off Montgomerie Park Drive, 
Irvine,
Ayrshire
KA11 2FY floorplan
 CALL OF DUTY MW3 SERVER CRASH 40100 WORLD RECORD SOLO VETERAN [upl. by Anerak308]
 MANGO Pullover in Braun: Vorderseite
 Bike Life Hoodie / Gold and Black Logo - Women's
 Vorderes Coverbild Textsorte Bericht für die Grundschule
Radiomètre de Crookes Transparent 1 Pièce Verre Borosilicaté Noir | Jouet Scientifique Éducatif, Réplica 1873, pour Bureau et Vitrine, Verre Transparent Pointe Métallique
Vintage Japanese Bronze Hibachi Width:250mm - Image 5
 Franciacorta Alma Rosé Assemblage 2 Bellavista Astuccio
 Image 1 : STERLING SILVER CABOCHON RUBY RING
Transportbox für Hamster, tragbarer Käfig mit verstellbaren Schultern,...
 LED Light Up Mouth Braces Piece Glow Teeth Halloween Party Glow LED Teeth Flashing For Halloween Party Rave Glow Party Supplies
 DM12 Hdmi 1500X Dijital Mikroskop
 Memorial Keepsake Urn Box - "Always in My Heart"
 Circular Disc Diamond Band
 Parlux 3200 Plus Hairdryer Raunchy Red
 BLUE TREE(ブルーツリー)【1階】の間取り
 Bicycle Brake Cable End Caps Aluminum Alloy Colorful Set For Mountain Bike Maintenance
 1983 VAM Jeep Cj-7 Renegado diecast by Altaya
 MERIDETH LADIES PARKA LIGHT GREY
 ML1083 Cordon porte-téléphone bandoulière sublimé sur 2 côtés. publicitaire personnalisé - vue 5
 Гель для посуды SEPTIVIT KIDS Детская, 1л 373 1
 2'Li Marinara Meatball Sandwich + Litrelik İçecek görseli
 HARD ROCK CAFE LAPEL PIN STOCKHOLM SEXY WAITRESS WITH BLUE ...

● Problem statement
What is the number of lines in the entries above that contain the string "Image"? Reply with the number and nothing more.

● Task solution
2